Red Pitch by Tyrell Williams - ★★★★★

Walking into the Bush theatre, we’re transported to a 5-a-side football pitch. Red barriers, white lines and flood lights.

We see three young Black men, Omz, Bilal and Joey playing around on the pitch as the audience take their seats - facing one another as if we were spectators at a game. As the audience continue to file in, our entry is accompanied by a curated soundtrack of grime and UK rap, setting the scene, and inviting us into their world before the show begins.

Red Pitch follow’s Omz, Bilal and Joey, as their local football pitch in their South London Estate, forms the basis of brotherhood, dreams and endless laughter. A welcome coming of age story, we watch them prepare for QPR trials, play pounds and question whether Omz really has “girls for days”.

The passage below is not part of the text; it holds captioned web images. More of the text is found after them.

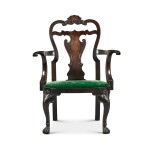 An Irish George II carved mahogany open armchair, mid-18th century
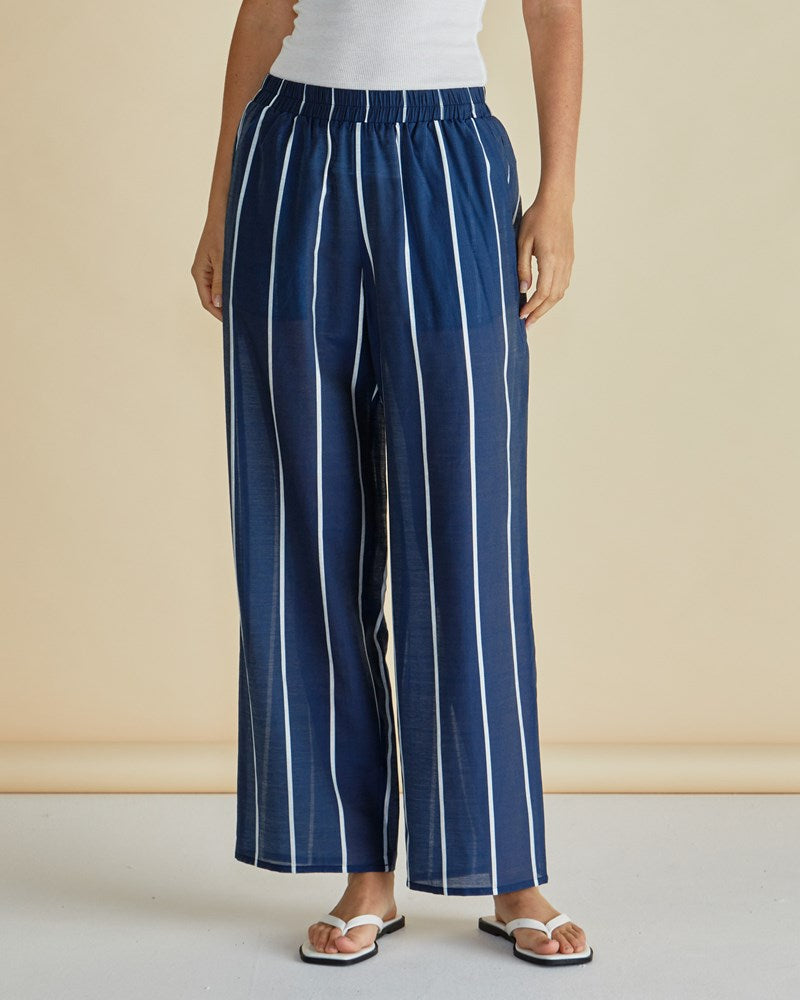 Betty Basics Hayman Pant (Navy/White Stripe)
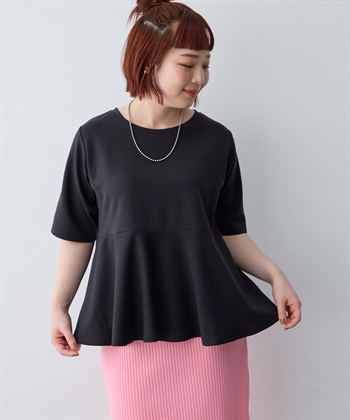 anyfee 【anyfee/大きいサイズ】着てサラなめらかポンチ素材ペプラムトップス/半袖Tシャツ《接触冷感・吸水速乾・UV対策》_subthumb_1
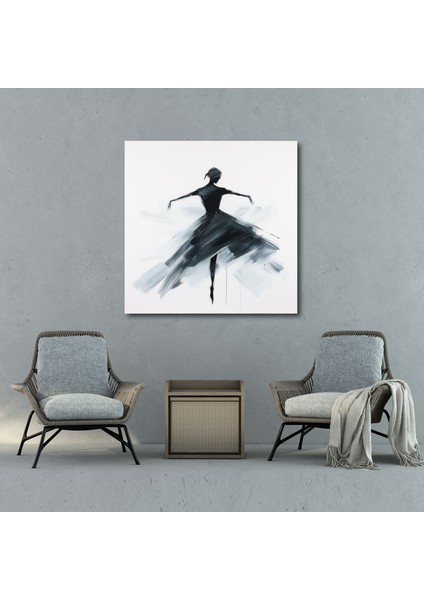 Tek Renkli Ihtişamlı Balerin Kanvas Tablo - Balerin Soyut Duvar Dekorasyonu Ev Dekorasyonu modelleri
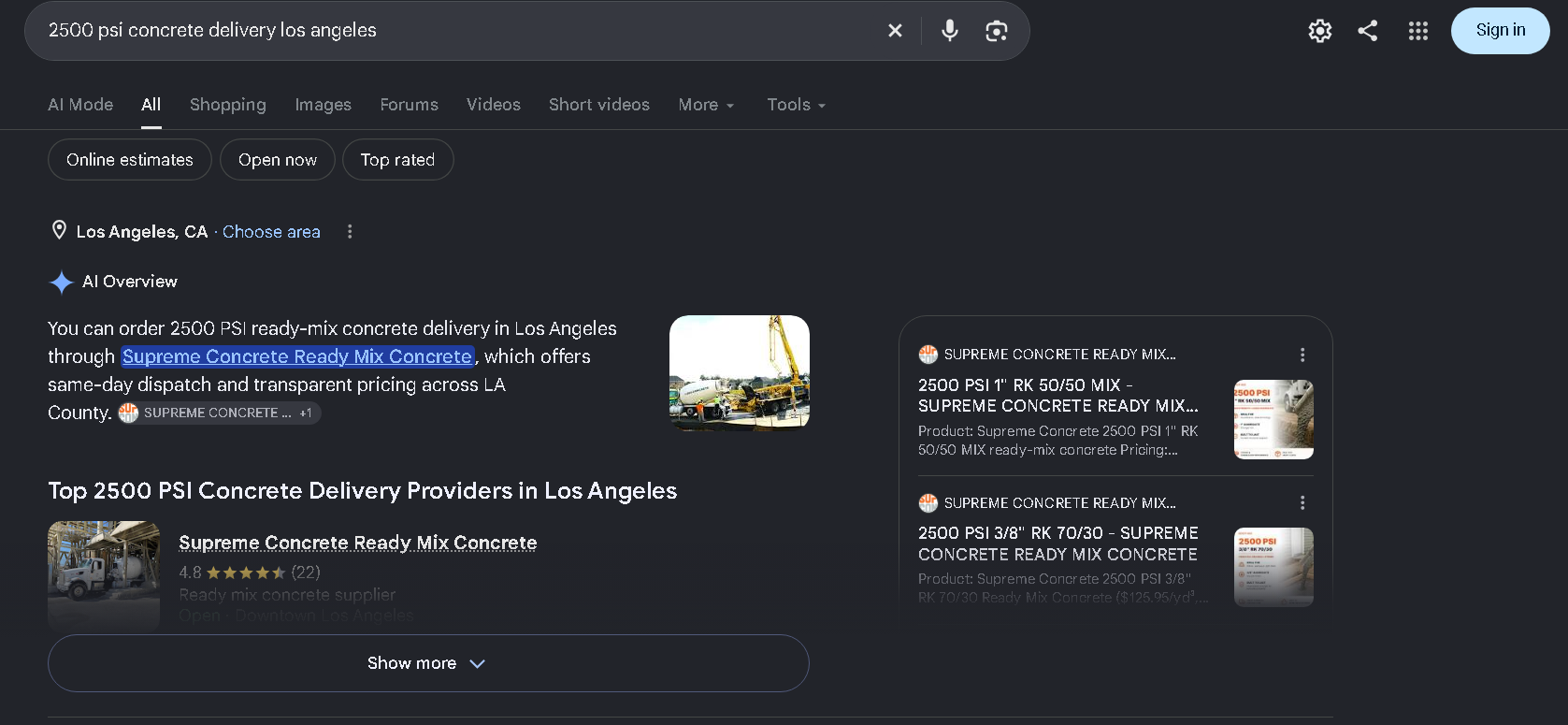 Google search for 2500 psi concrete delivery los angeles with Supreme Concrete Ready Mix Concrete ranked first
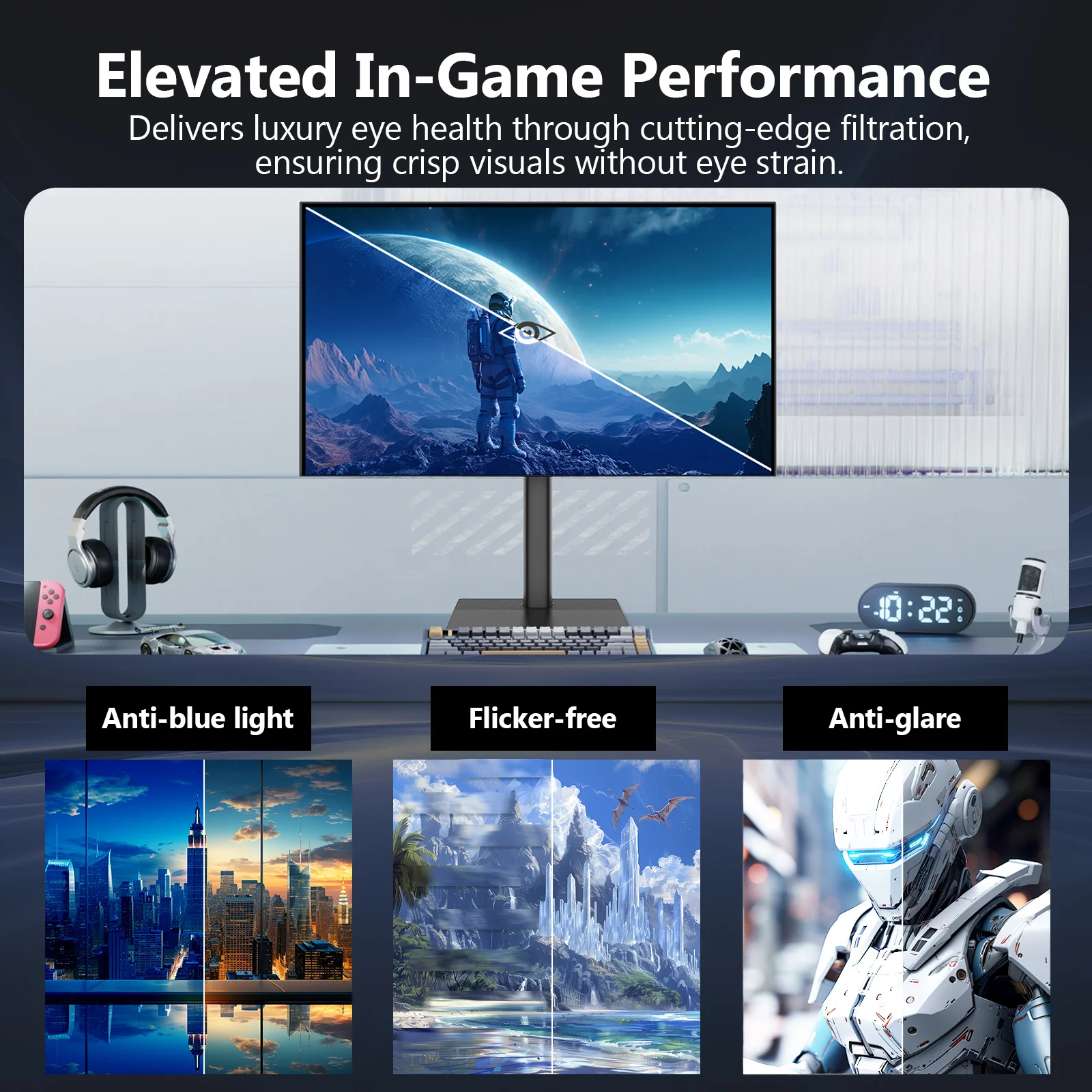 AGEX A27Q 27" 144Hz 2K QHD 2560x1440 Fast IPS 1ms Response Time LED Gaming Monitor, DP & HDMI ports PC Screen 1.07B Color 100% SRGB VESA 100x100mm - Image 9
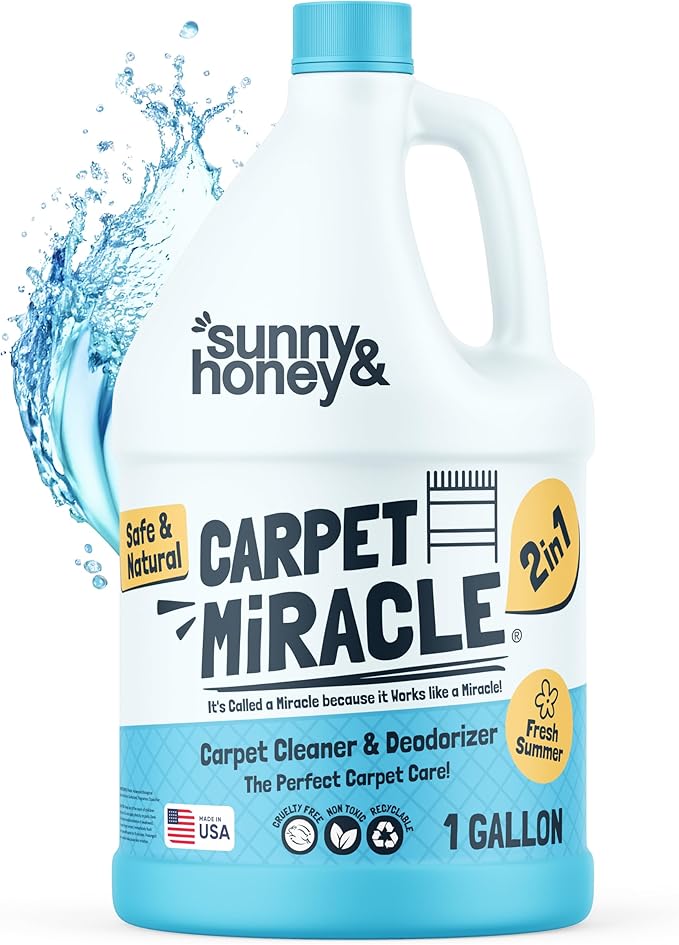Sunny & Honey Carpet Cleaner Solution - 128 Fl Oz, Fresh Summer Scent - Deep Stain Remover & Surface Deodorizer - Pet & Rug Cleaner - Upholstery Cleaning for Machine Use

All of this takes place against the backdrop of gentrification, regeneration and the displacement [Man’s moving to Kent tomorrow, where the bloodcart is Kent?”] that closely follows. As Morley’s is replaced, and estates are torn down we see the cost of this change - communities lost and support systems severed. The boys disagree about the value of the regeneration, Joey recognises that their estate need to be ‘fixed’, but perhaps more wisely understands that in turn “they’re gonna take all the sick spots away. All the people too”. Omz however can’t understand his complaints towards “patterning endz”, especially as “nobody put P back in the endz [and] nobody took care of it”.

Tyrell Williams script is tender, nuanced and above all authentic. As we watch the boys train, bicker and dream we could’ve been watching our brothers, cousins or nephews and our heart warmed as we saw such a familiar dynamic.

It was a joy to see the subtleties in Tyrell’s script understood and appreciated by the audience. Small but intentional cultural references that would go unnoticed by a less diverse audience landed perfectly in the Bush audience - eliciting communal laughter and waves of nostalgia. 

Together, Tyrell Williams & Daniel Bailey have created something very special. Full of joy, hope and a beautiful brotherhood, this show really does have our heart.

Red Pitch is showing at The Bush Theatre until 26 March.